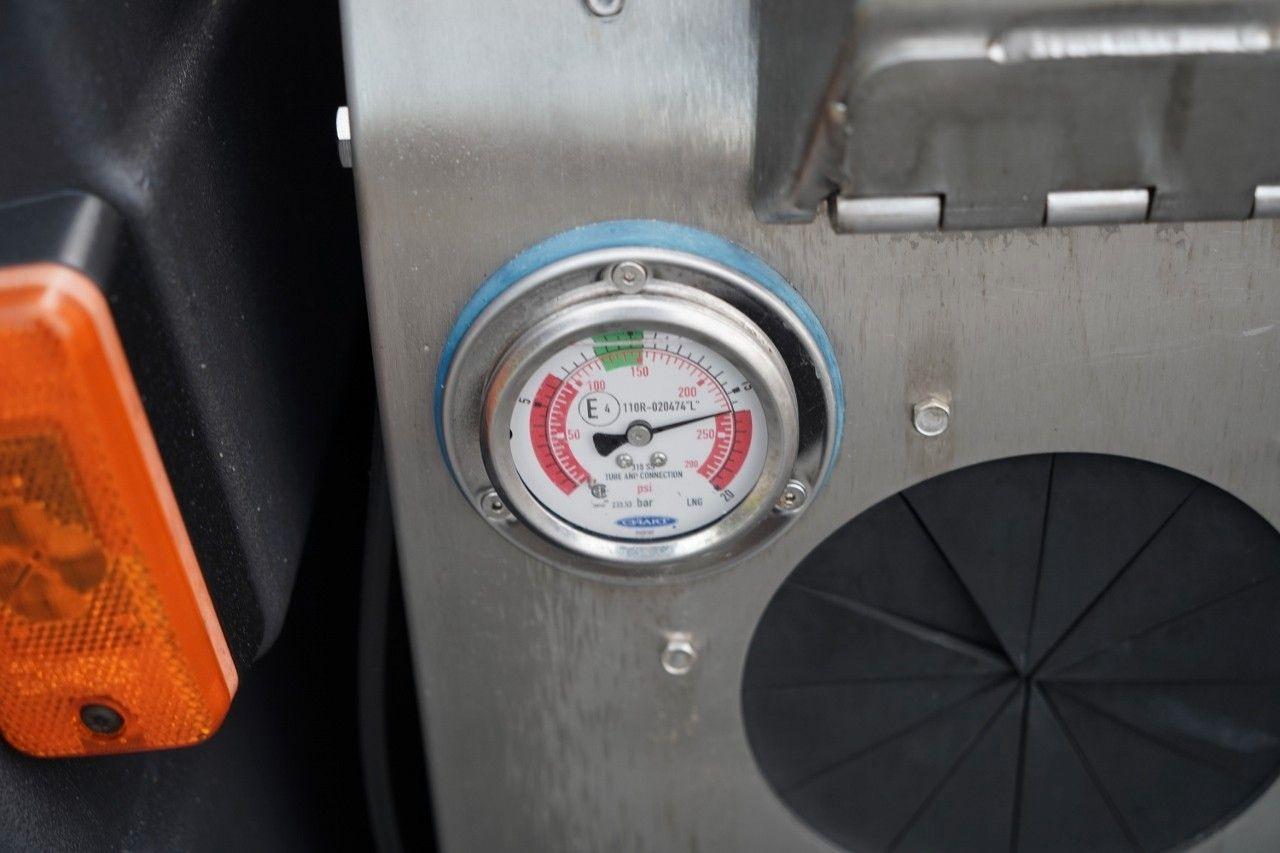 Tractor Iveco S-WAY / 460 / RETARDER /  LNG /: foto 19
--
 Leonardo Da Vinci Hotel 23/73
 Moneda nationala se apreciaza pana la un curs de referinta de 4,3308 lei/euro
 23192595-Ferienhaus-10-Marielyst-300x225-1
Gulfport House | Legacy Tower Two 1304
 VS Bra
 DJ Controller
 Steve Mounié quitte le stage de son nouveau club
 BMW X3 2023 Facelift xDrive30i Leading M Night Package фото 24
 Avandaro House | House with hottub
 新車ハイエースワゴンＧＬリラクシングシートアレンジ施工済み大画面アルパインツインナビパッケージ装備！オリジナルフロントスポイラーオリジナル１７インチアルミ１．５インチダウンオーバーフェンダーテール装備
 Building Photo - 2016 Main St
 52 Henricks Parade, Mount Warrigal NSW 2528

**Work to be completed:** Whenever the word "House" shows up in a line of the entries above, copy that line.

**Solution:**
Gulfport House | Legacy Tower Two 1304
 Avandaro House | House with hottub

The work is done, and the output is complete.